“The potential for energy and material savings offered by additive manufacturing compared to conventional processes is enormous. But the devil is in the details.
Metal components can not only be designed more flexibly using 3D printing. So-called additive manufacturing also saves material and energy compared to conventional manufacturing processes such as casting of a melt. The aim of the REACT project, short for “Resource Efficient Additive manufacturing of martensitic Cr-sTeels”, is to fully exploit these savings potentials. The project, led by Professor Sebastian Weber, holder of the Chair of Materials Technology at Ruhr University Bochum, Germany, will start with a kick-off event for all six partners on 14 March 2023. It is funded with 1.7 million euros by the Federal Ministry for Economic Affairs and Climate Protection.
Saving raw materials
Additive manufacturing comprises various processes, each of which only puts the material where it is supposed to remain. One example is powder bed-based 3D printing with metal powders. In this process, a thin layer of powder is spreaded onto a building platform and the powder particles are then melted with a laser beam and bonded together only where the finished component is created. Layer by layer, the product is formed in the powder bed. The loose powder is removed later, only the component remains. However, there is still a lot of research to be done around this process: How, for example, can we succeed in producing powder particles that are all the optimum size for additive manufacturing? “Particles that are too large or too small have to be discarded”, explains Sebastian Weber. “That’s why we calculate in advance of powder production how we can optimise the yield of suitable particles as much as possible.” A laboratory-scale powder atomisation plant is available for experiments.
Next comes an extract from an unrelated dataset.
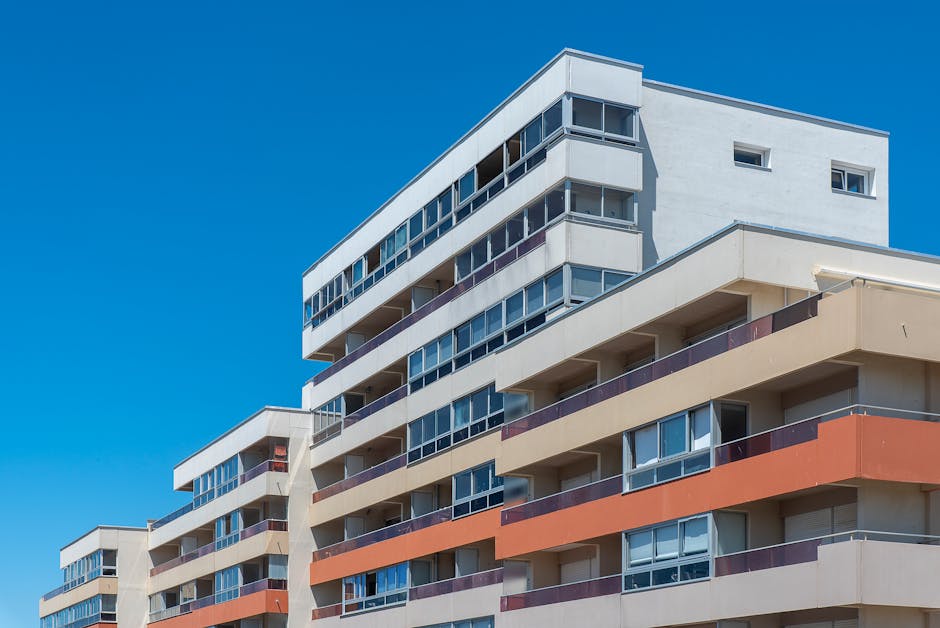 informes de evaluacion edificios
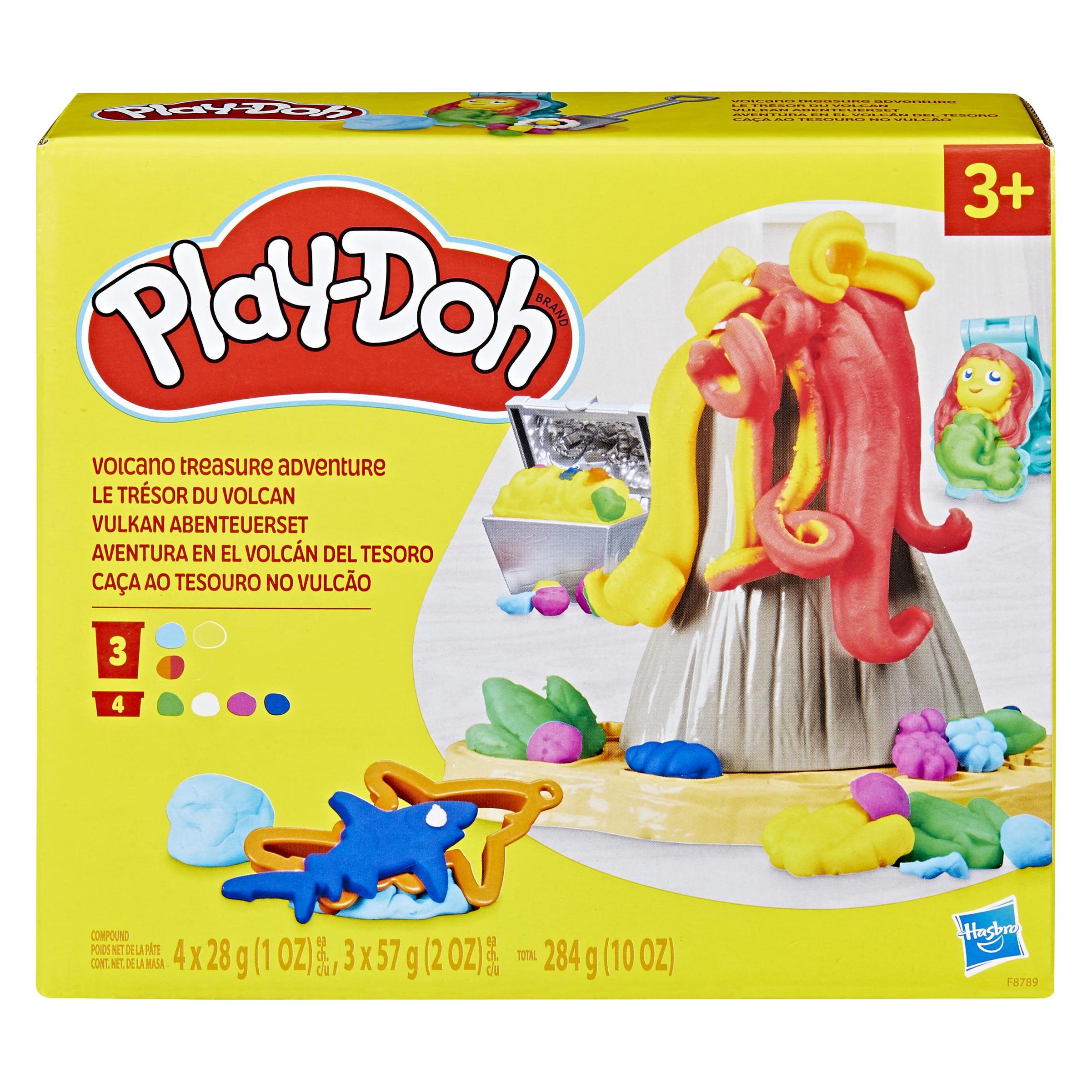 Hasbro Vulkan Abenteuerset (F87895L00)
Improving material properties
The composition of the material, in this case martensitic chromium steel, is also the subject of research. “Tried and tested alloys were developed for other applications, such as casting processes, and repurposed for additive manufacturing”, explains research group leader Dr. Jonathan Lentz. “The recipes of the alloys have to be adapted for additive manufacturing processes.” The researchers from Bochum are focusing their attention primarily on the element nitrogen as an alloy component. Used correctly, it can increase the printability and durability of additively manufactured components. However, you have to keep an eye on nitrogen during all process steps, as it tends to outgas”, says Sebastian Weber.
Last but not least, the partners in the project are also addressing the question of how additively manufactured metal products and leftover powders can be recycled or upcycled for 3D printing to create a closed loop. “A preliminary analysis has shown that the new manufacturing strategies offer the potential to save up to 97 percent of energy in the focused products of the project partners – and that with faster and cheaper production with better material properties”, Weber summarises.
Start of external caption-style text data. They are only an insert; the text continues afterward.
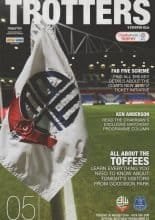 Bolton Wanderers v Everton u23 30-Aug-2016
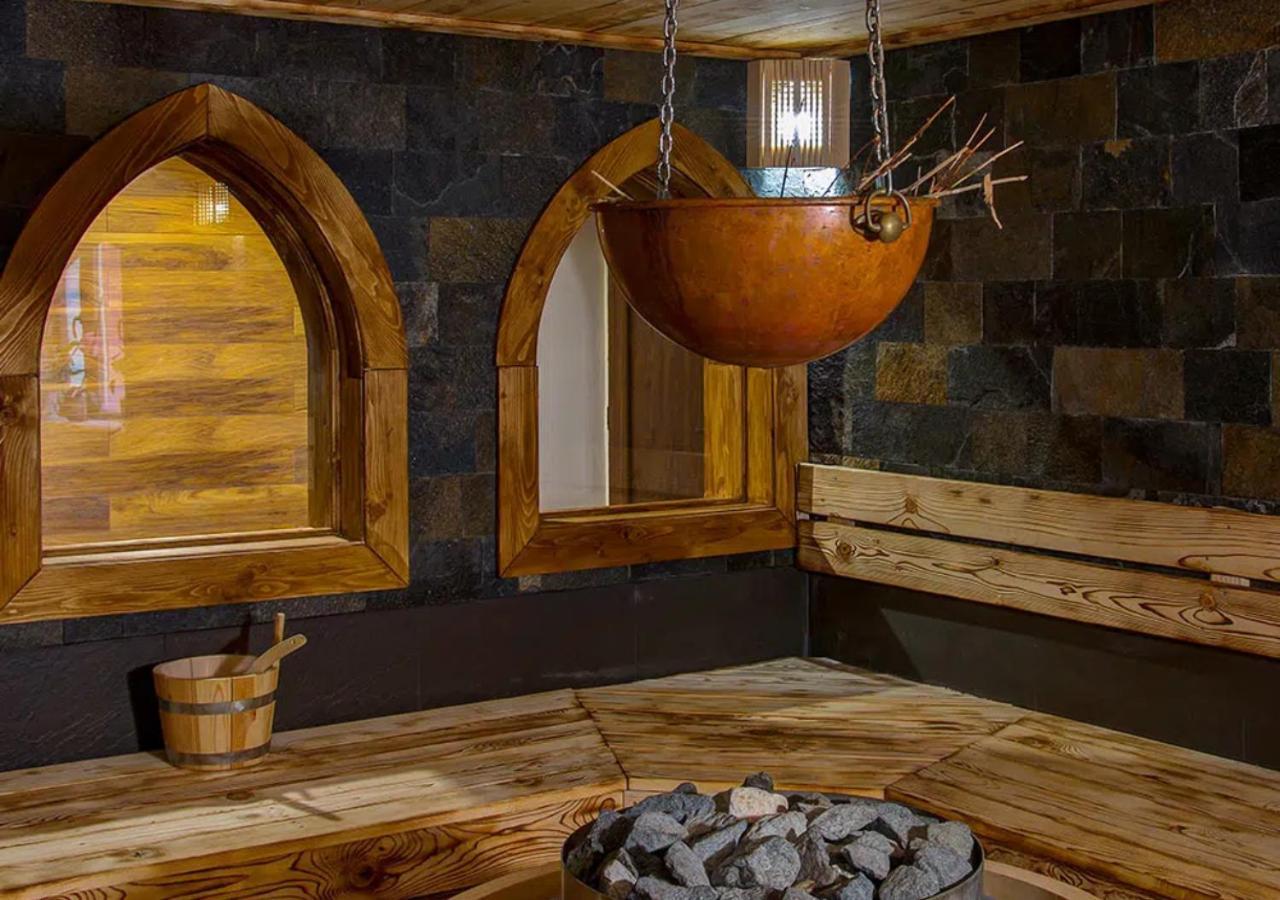 Alchemist Residence Von Goldenburg Belasica Kültér fotó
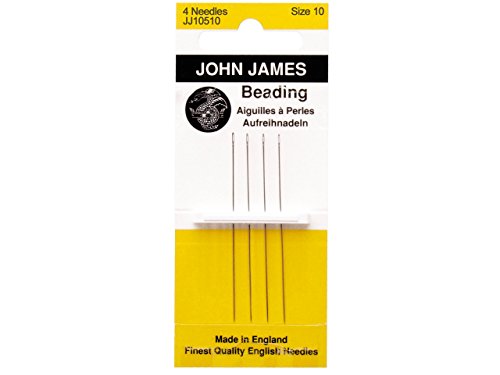 Colonial Needle Cjj105-1015 03U Needles John James, Multicolor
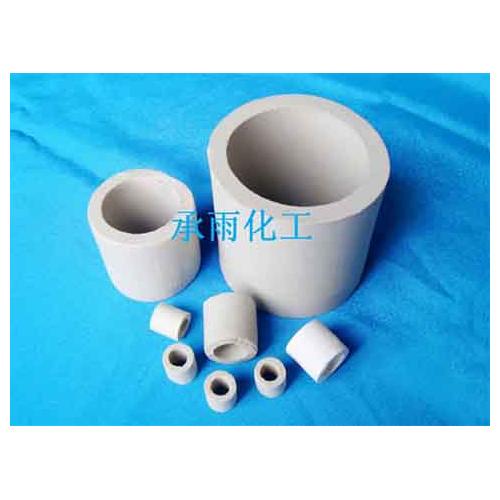 陶瓷拉西环 瓷环 塔填料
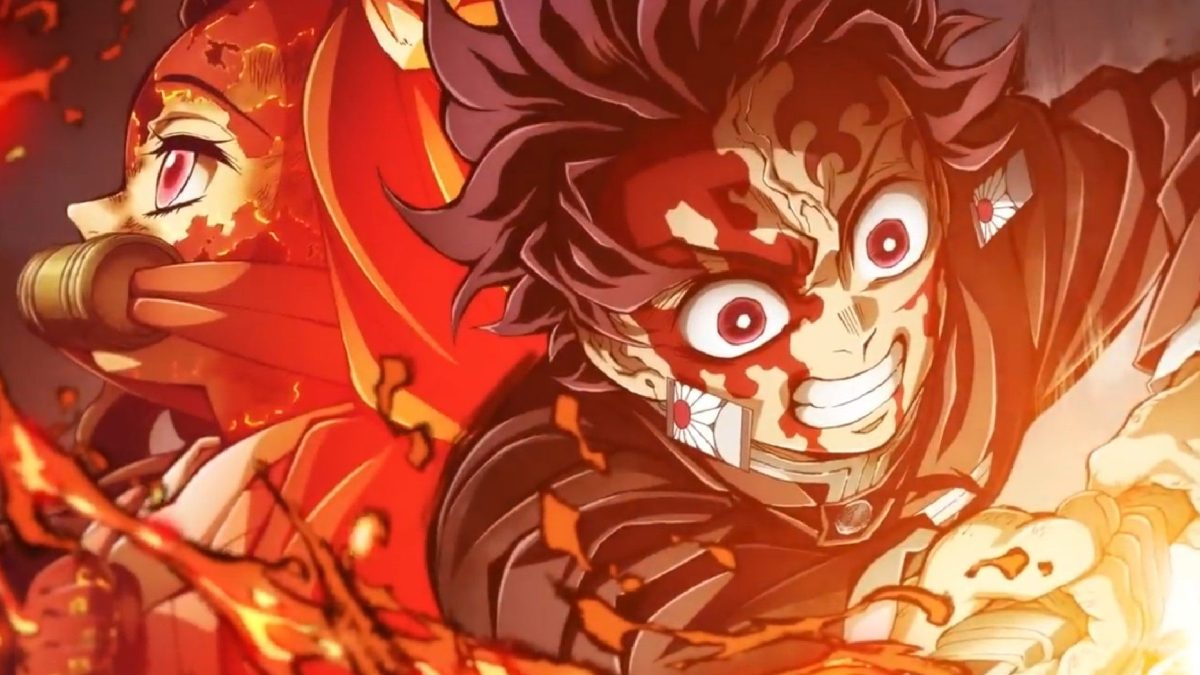 Se anuncia la segunda película de Demon Slayer junto con la fecha de lanzamiento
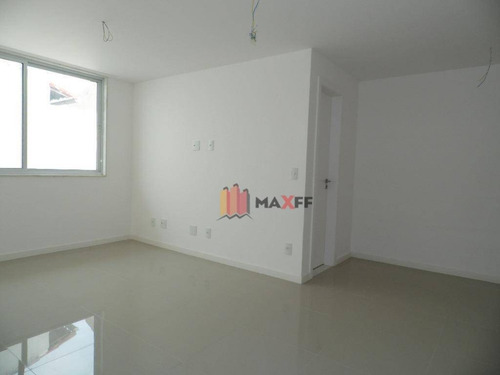 Imagem 12 de 20 de Excepcional Casa Tríplex Na Parte Mais Nobre Do Recreio - Vivendas Do Sol - Ca0032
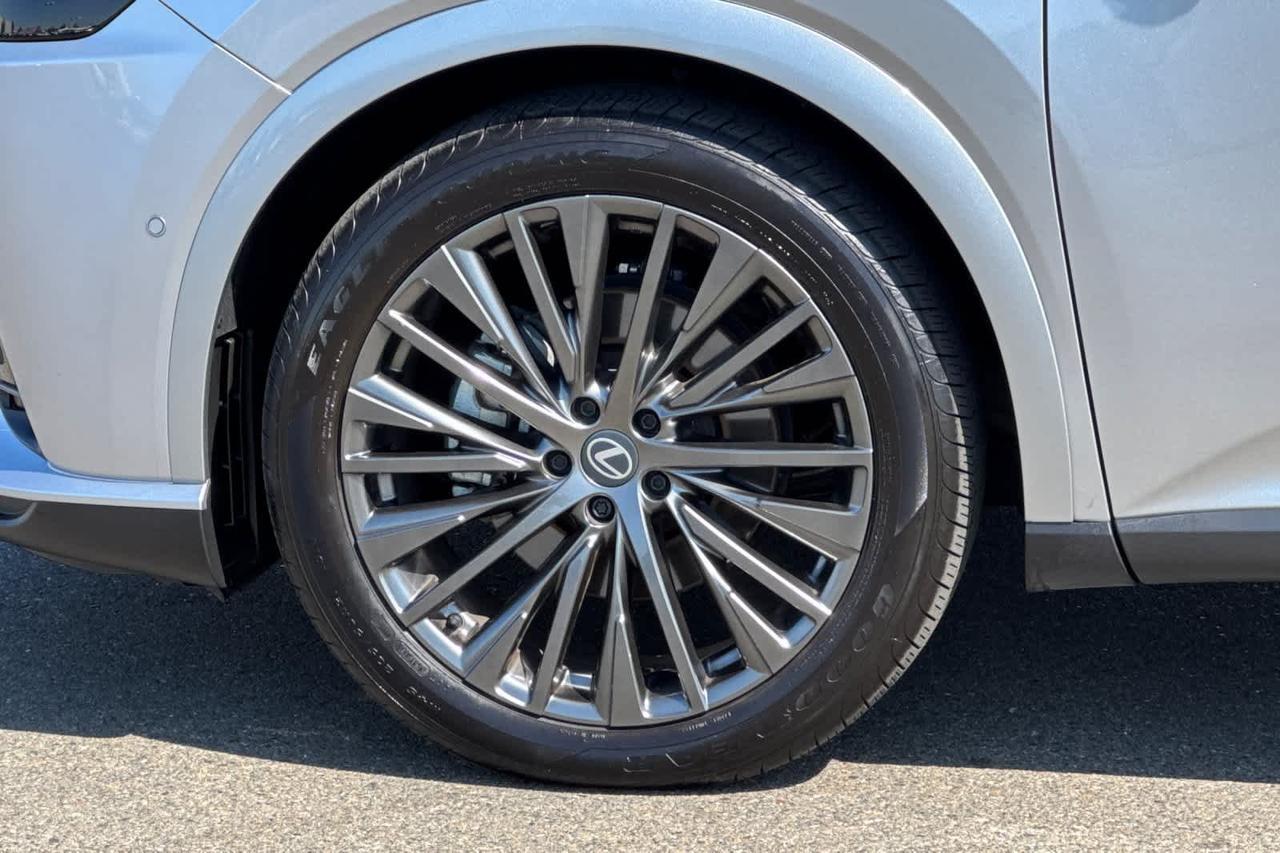 2026 Lexus RX 350 Luxury Roseville CA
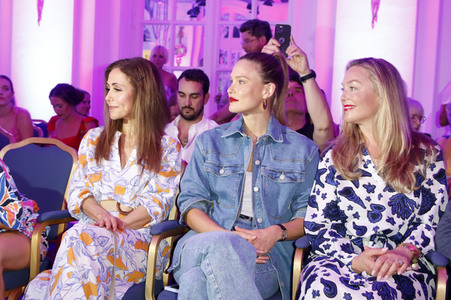Ernsting's Family Fashion Show in Hamburg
Optimising the entire process chain
The project consortium will map the entire process chain from the production of the steel to the refinement of the end product. This makes it possible to view and optimise the process chain holistically. The Chair of Materials Technology accompanies all steps from the development of alloys to the production of metal powders, 3D printing and heat treatment to the characterisation of the final products. Special focus is placed on balancing energy efficiency along the process chain.”